Basically, in the file I've got...I'm supposed to replace this:
<b>Some text here...each bold tag has different content...</b>
with
Some text here...each bold tag has different content...
I've got it partially completed, but what I can't figure out is how to "echo" the extracted content using sed (regexp).
I manage to substitute the content out just fine, but it's when I'm trying to actually OUTPUT the content that's between the HTML tags that it goes wrong.
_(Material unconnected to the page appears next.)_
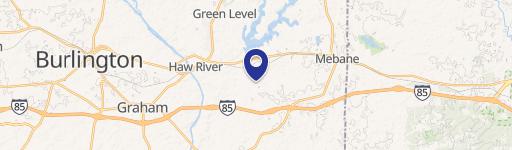 572 Trollingwood Hawflds Rd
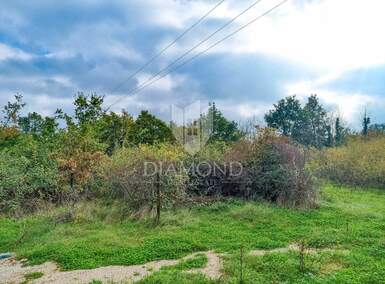 Zemljiste, Poreč, prodaja, 250000 €, 12232 m2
If that's confusing, I truly apologize. I've been at this project a couple hours now and am getting a bit frusturated. Basically, why does this not work?
s/<b>.*<\/b>/.*/g
I simply want to output the content WITHOUT the bold tags.
Thanks a bunch!
Upvotes: 0
Views: 3756
Reputation: 9913
You need to use a capturing group, which are parentheses ()
So, it's just this:
s/<b>(.*)<\/b>/\1/g
Capturing groups are numbered, from left to right, starting with one, and increasing.
This syntax is the standard way to do regular expressions; sed's syntax is slightly different. the sed command is
sed 's/<b>\(.*\)<\/b>/\1/g' [file]
or
sed -r 's/<b>(.*)<\/b>/\1/g' [file]
Of course, if you just want to remove the bold tags, the other solution would be to just replace the HTML tags with blanks like so
sed 's/<\([^>]\|\(\"[^\"]\"\)\)*>//g' [file]
(I dislike sed's need to escape everything)
s/<([^\]|(\"[^\"]\"))*>//g
Upvotes: 1
Reputation: 208665
If you want to reference a part of your regex match in the replacement, you need to place that portion of the regex into a capturing group, and then refer to it using the group number preceded by a backslash. Try the following:
s/<b>\(.*\)</b>/\1/g
Upvotes: 1
Reputation: 27470
I think this question should be addressed to SED's mans. Like this: http://www.grymoire.com/Unix/Sed.html#uh-4
Upvotes: -1